The two electronic temperature regions are spatially continued. The
high electronic temperature region described hereinafter means a
peak at the maximum value of the electronic temperature and its
peripheral region, and a peripheral portion of a portion, wherein
the electronic temperature becomes maximum, on a member to be
treated or between the center in the member to be treated and a
facing plane to the member to be treated. A position whereat the
electronic temperature becomes an average value of the high
electronic temperature and the low electronic temperature between
the member to be treated and the facing plane to the member to be
treated is defined as a boundary between the high electronic
temperature region and the low electronic temperature region. If
each of the low electronic temperature regions exists at both sides
of the high electronic temperature region, a second boundary
between the high electronic temperature region and the low
electronic temperature region is defined additionally as same as
the previous boundary. Here, the lowest electronic temperature in
the second low electronic temperature region is equal to or
somewhat higher than the lowest electronic temperature in the first
low electronic temperature region.
[0018] In a case when two electronic temperature regions are formed
such as the present invention, F is generated in both the two
electronic temperature regions, and the ratio of CF.sub.2/F is
controlled in a condition where the total F exists excessively. The
F can be eliminated selectively by adding a gas including hydrogen
atom (such as H.sub.2, CH.sub.2F.sub.2, CH.sub.4 and so on) so as
to react the F with H radicals. Furthermore, the F can be consumed
by a reaction with inner wall materials. Practically, the inner
wall of the etching apparatus is composed of the materials, which
reacts with F, such as Si plate, SiC plate and the like, and F is
eliminated by applying high frequency bias to the plates in order
to enhance the consumption of F. Furthermore, the F can be
eliminated by reacting with a polymer formed by adhering CF.sub.2
onto the inner wall. If the wafer is placed closer to the inner
wall portion, an injection fraction of F, which is generated by the
plasma in the etching apparatus, into the inner wall is increased,
because the area of the inner wall to the volume of the plasma is
increased. That is, F can be eliminated effectively with reactions
with the polymer by placing the wafer closer to the inner wall
portion. Practically, a distance between the wafer and a plane
facing to the wafer of the etching apparatus is shortened. In
accordance with using the above means with the plasma having two
kinds of electronic temperature, the ratio of CF.sub.2/F becomes
possible to be controlled in a wide range.
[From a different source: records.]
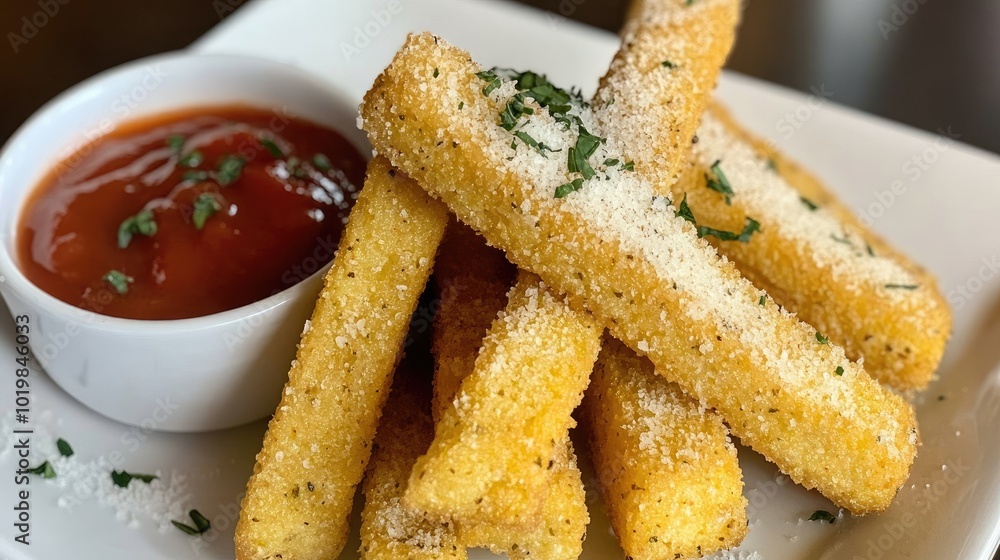 Crispy fried polenta fries, served with a side of marinara dipping sauce and sprinkled with Parmesan cheese Crispy fried polenta fries, served with a side of marinara dipping sauce and sprinkled with Parmesan cheese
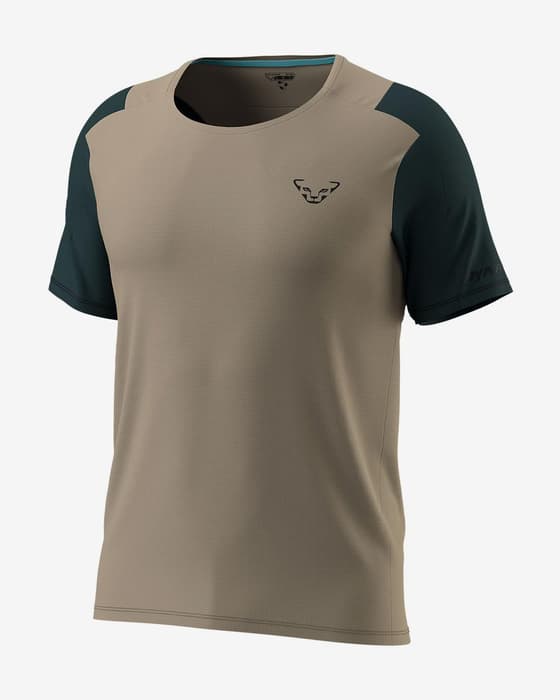 Camiseta Dynafit Transalper manga corta beige verde oscuro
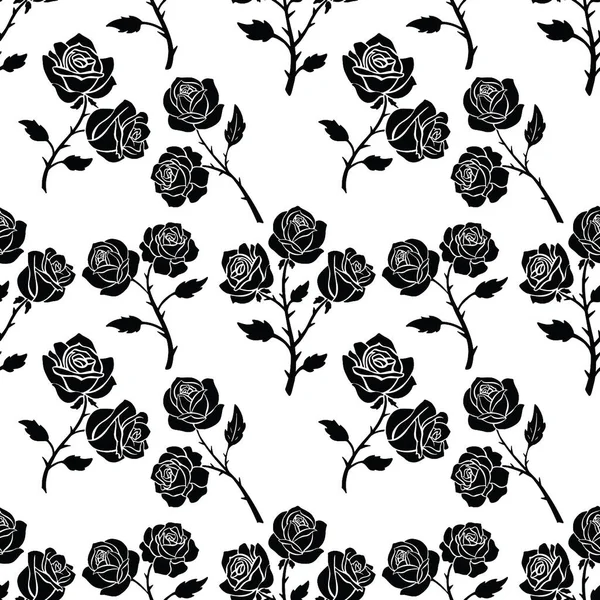 Seamless Repeating Pattern Graphic Tattoo Style Roses Flowers — Vetor de Stock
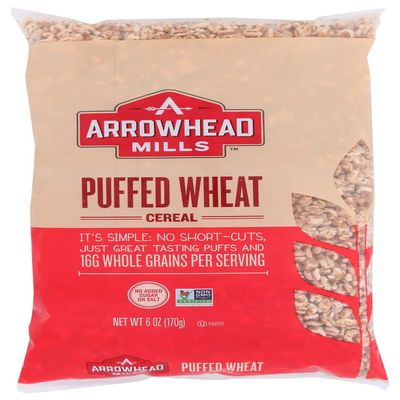 ARROWHEAD MILLS CEREAL PUFF WHEAT NS, 6 OZ, PK- 12
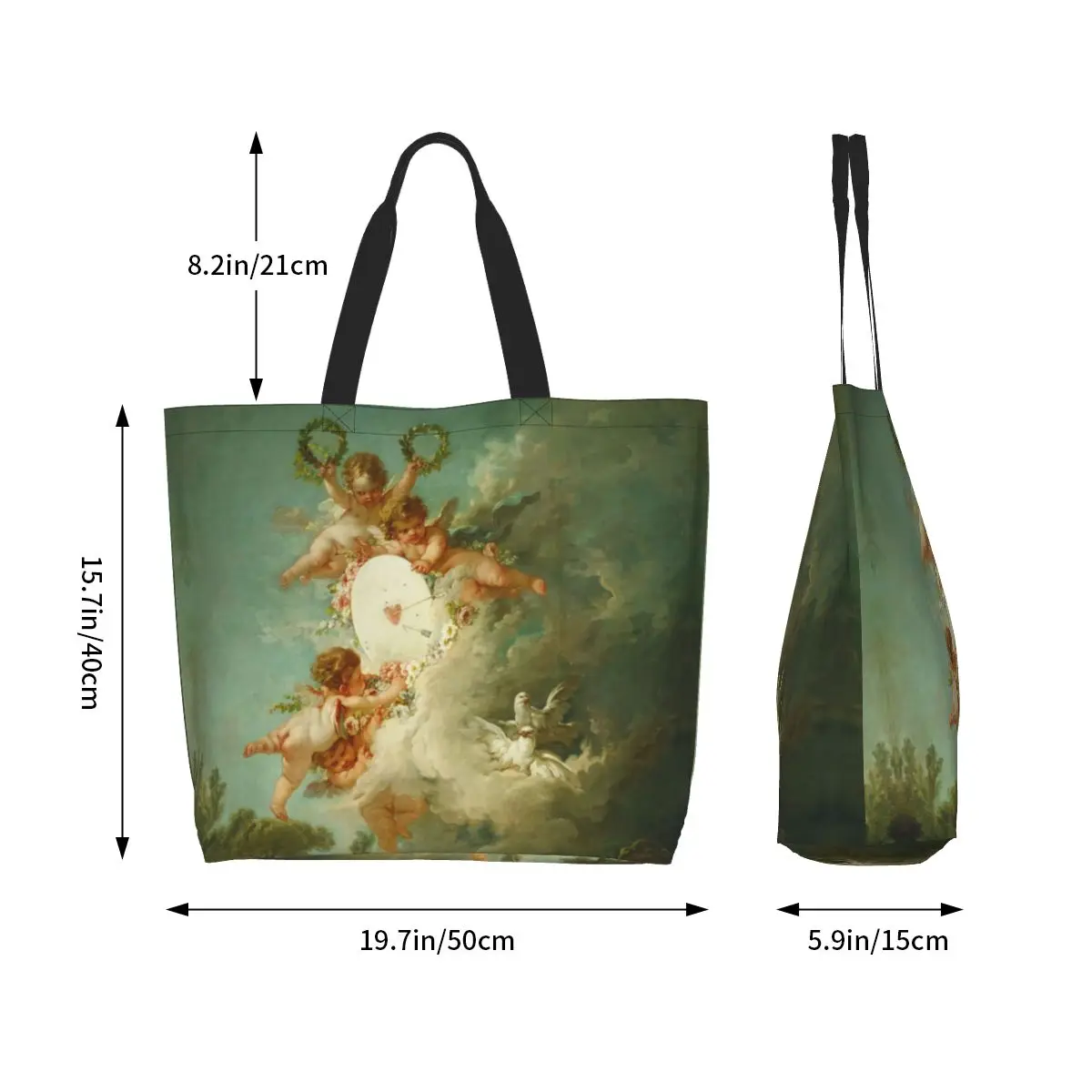 Cute Printing Mythological Angels Shopping Tote Bag Washable Canvas Shoulder Shopper Aesthetic Renaissance Cherubs Handbag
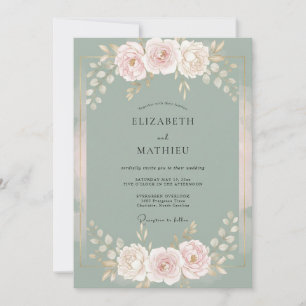 Dusty Mint Bloom Wedding Invitation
[0019] On the contrary, the generating amount of the ions is
determined by the electronic density in the plasma, and the
electronic density is approximately proportional to the high
frequency input power. Individual radical (CF.sub.2, F) is
increased with increase of the high frequency power, but the
generation ratio of CF.sub.2/F scarcely depend on the high
frequency power. Accordingly, making the two electronic temperature
regions variable, the generating amount of the ions is maintained
constant, and the generation ratio of CF.sub.2/F can be controlled
independently. Furthermore, the generating amount of CF.sub.2
depends on the gas flow rate or partial pressure of fluorocarbon
gas, and an injection ratio of CF.sub.2/ions into the member to be
treated can be controlled by the high frequency power in a
condition wherein the dissociation of fluorocarbon to CF.sub.2 is
saturated.
BRIEF DESCRIPTION OF THE DRAWINGS
[0020] FIG. 1 is a cross section of the dry etching apparatus using
in the present invention, and a conceptual illustration indicating
a formation of two kinds of electronic temperature regions of the
present invention,
[0021] FIG. 2 is an illustration indicating a relationship between
magnetic field intensity of ECR used in the present invention
versus magnetic gradient and a thickness of the high electronic
temperature region,
[0022] FIG. 3 is an illustration indicating a relationship between
formation of two kinds of electronic temperature regions by
controlling the magnetic gradient of the present invention versus
the generation ratio of CF.sub.2/F,
[0023] FIG. 4 is an illustration indicating a relationship of the
distance between the member to be treated and a plane facing to the
member to be treated of the present invention versus the generating
amount of F and CF.sub.2,
[0024] FIG. 5 is an illustration indicating a relationship of the
distance between the member to be treated and the plane facing to
the member to be treated of the present invention versus the
injection ratio of CF.sub.2/ions,
[0025] FIG. 6 is an illustration indicating a relationship between
the high frequency (electromagnetic wave) (source) power applied
for generating the plasma of the present invention versus the
injection ratio of CF.sub.2/ions onto the member to be treated,
[0026] FIG. 7 is an illustration indicating a relationship between
the high frequency (electromagnetic wave) (source) power applied
for generating the plasma of the present invention versus the ion
current density on the member to be treated,
[0027] FIG. 8 is cross sections indicating the shapes of before
manufacturing and after manufacturing the oxide film holes on the
member to be treated using in the present invention,
[0028] FIG. 9 is a cross section of another dry etching apparatus
using in the present invention,
[0029] FIG. 10 is a cross section of another dry etching apparatus
using in the present invention,
[0030] FIG. 11 is cross sections indicating the shapes before
manufacturing and after manufacturing on the member to be treated
using in the present invention,
[0031] FIG. 12 is an illustration indicating the dependency of the
injection ratio of CF.sub.2/(F+0), and the injection ratio of
CF.sub.2/ions of the member to be treated on the C.sub.4F.sub.8 gas
flow rate using for explanation of the present invention, and
[0032] FIG. 13 is an illustration indicating the dependency of the
selection ratio at a shoulder portion of the silicone nitride film
and the manufacturing shape (taper angle) on the C.sub.4F.sub.8 gas
flow rate using for explanation of the present invention.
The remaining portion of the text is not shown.